Mums eh? Isn’t it? Jumpers for goalposts. Didn’t they? Our first mother’s day was a chance to reflect on how brilliant a mum Captain Poo Pants has. She was rewarded by a lie in until 0745 and by being covered in dribble (the baby’s, not mine).
As a special Mother’s day treat, I cooked breakfast in bed. Getting the cooker up the stairs was a bit tricky but I managed it.
It was also a day to properly appreciate my own mum whose nights I disturbed, whose carpets I soiled and whose patience I wore thin. Now I’ve got a little poo machine of my own I know how hard and important all the stuff was before my brain was capable of forming long term conscious memory and before I had control over my bum, so a big thank you to both mums.
Captain Ill Pants
We’ve had an ill boy for a couple of days including Mother’s Day. On Saturday night he did a great impression of his dad circa 10 years ago and chucked his dinner up down his nice clean shirt. You’ll remember we were getting a new sofa this week (won’t you?). Don’t think that my decision to save a few quid by not getting the stain guard coating didn’t come back to haunt me.
The day of 5 poos and no naps
Tuesday was probably the most tiring day of parenting I’ve experienced. I settled him down for a morning nap, lay back on our new, sick soaked sofa, and 90 seconds later he was awake again ready to play. That was all the napping he did all day. Add to this FIVE POOS separated by about 20 minutes each and five hours of boinging, him putting his hand in my mouth and scratching my gums and grabbing my thumb and biting it and it all adds up to a pretty tiring day. By tea time I looked like a bad scarecrow with a hangover.
“Has he just woken up from a nap” asked the swimming teacher. “Yes” I lied knowing that in fact he was just completely non-plussed by everything that had happened in the lesson to that point. He perked up considerably though when we got to chase a floaty ball for a bit. Once caught, obviously it went straight in his mouth.
I’ve got over the fact that I’m the only dad at the class. In any case it was made easier this week because another dad was watching from the side, clearly uncomfortable.
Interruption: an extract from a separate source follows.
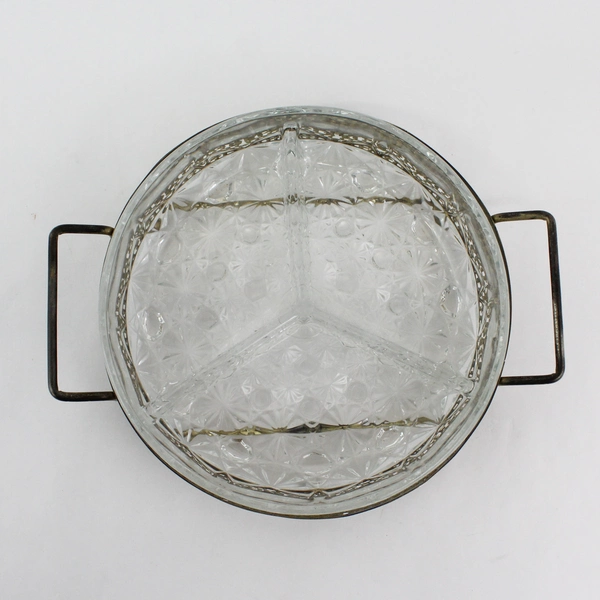 Vintage 3 Section Daisy & Button Glass Relish Dish w Silver Plate Caddy France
Hopefully I’ll get to see him in his trunks next week!
Captain Poo Pants has been making further solid progress towards full speech by adding some new sounds to his repertoire. So committed is he to mastering this skill that he is practicising round the clock, even at 3 o clock in the morning. This week we’ve had ‘Tom cat defending its territory’ and ‘irate pigeon trapped in a cupboard’. SO advanced.
Even though we go to the supermarket almost every day, I still do online food shopping. Think I must have been sleep deprived when I ordered this surprisingly inexpensive carton of orange juice.
HE STILL DOESN’T HAVE ANY BASTARDING TEETH.